Касса  +7 (495) 629 37 39

Russian actor Evgeny Mironov performs a one-man adaptation of Hamlet in the opening act of the Singapore International Festival of Arts.

Technically brilliant and physically challenging, Hamlet|Collage is a must-see for lovers of Shakespeare.

The original Hamlet is monstrous in scope, requiring a large cast and broad attention span on the part of the audience. Hamlet|Collage, one of the opening acts of this year's Singapore International Festival Of Arts, condenses the best of the play into a one-man show taking place in 145 minutes.

All the action happens inside the three joined sides of an open cube. Dizzyingly suspended above the stage of the Drama Centre Theatre, the space invites the audience inside Hamlet's mind. It should be claustrophobic but the cube contains far more than it should. Parts of the walls fold out or in to reveal hidden cabinets full of clothes, desks and a row of TV screens. Canadian director Robert Lepage wields his favoured tools of multimedia and mirrors like weapons to open up the confines of stage and, more rarely, Shakespeare's script. Nosy Polonius is clearly Denmark's chief of security here, a nice touch for a character often dismissed as a busybody of little use except in advancing the plot.

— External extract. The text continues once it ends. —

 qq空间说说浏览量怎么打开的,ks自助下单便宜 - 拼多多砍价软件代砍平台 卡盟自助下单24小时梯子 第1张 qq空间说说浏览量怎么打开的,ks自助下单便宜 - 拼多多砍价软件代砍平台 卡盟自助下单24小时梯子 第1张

Projections transform the cube into a padded cell, a library, the interior of a ship and even a garden. As Russian actor Evgeny Mironov climbs a ladder, the cube rotates so a wall becomes the floor and the floor the ceiling, forcing the audience into the vertiginous confusion within Hamlet's head. It is a good trick the first few times. Over the course of the play it becomes a circus act taking the audience out of itself rather than driving viewers further into Hamlet's madness.

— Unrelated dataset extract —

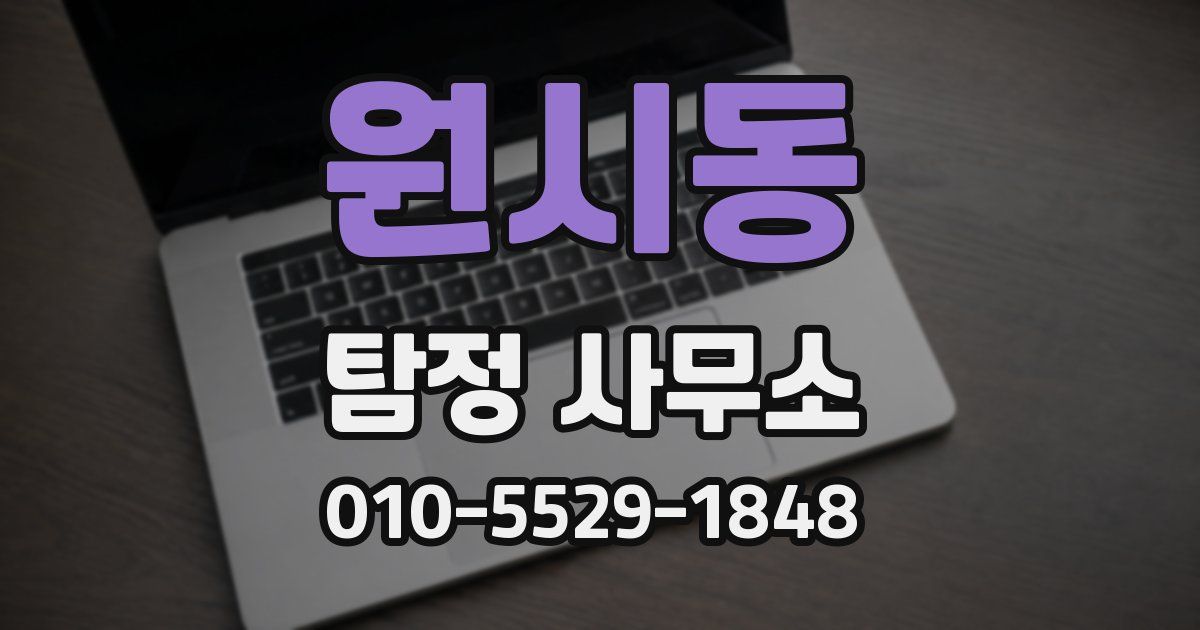 원시동 탐정 사무소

Lepage did a one-man adaptation of Hamlet 20 years ago in Elsinore, a very different rearrangement of the text but with ground-breaking (at the time) use of multimedia. For all the visual tricks, Hamlet|Collage goes back to the basics in that the play is the thing - the actor and his delivery of text and characterisation supersede the rest.

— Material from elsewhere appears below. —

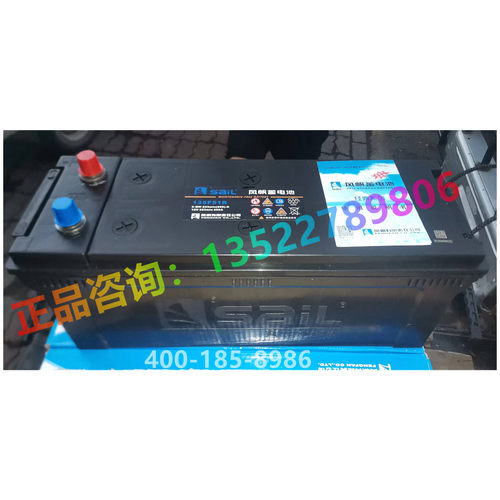 风帆电瓶6-QW-100/110/120/135/150/165/180/200/220AH启动蓄电池 - 图0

Mironov, artistic director of Russia's State Theatre Of Nations, plays 11 key roles including that of Hamlet, his mother Gertrude, his uncle Claudius, the ghost of Hamlet's father and poor, drowned Ophelia. It is a performance staggering in its physical challenges. Over 145 minutes, he is suspended from wires, leaps, climbs, jumps into holes and transforms between characters in milliseconds, aided by false hair and cleverly designed costumes (Francois St-Aubin). A white strait-jacket reversed is a black doublet, a fencer's mask hides the mustache needed to transform the blonde Hamlet to brunette Laertes.

He is just so good that it is impossible to imagine Hamlet|Collage as taking place inside the mind of a single schizophrenic. He easily convinces the audience that an entire ensemble has taken the stage. It is not surprising when 13 people come out at curtain call, the baker's dozen of production crew required to mount a successful one-man show. After all Hamlet was never just about one man, was it?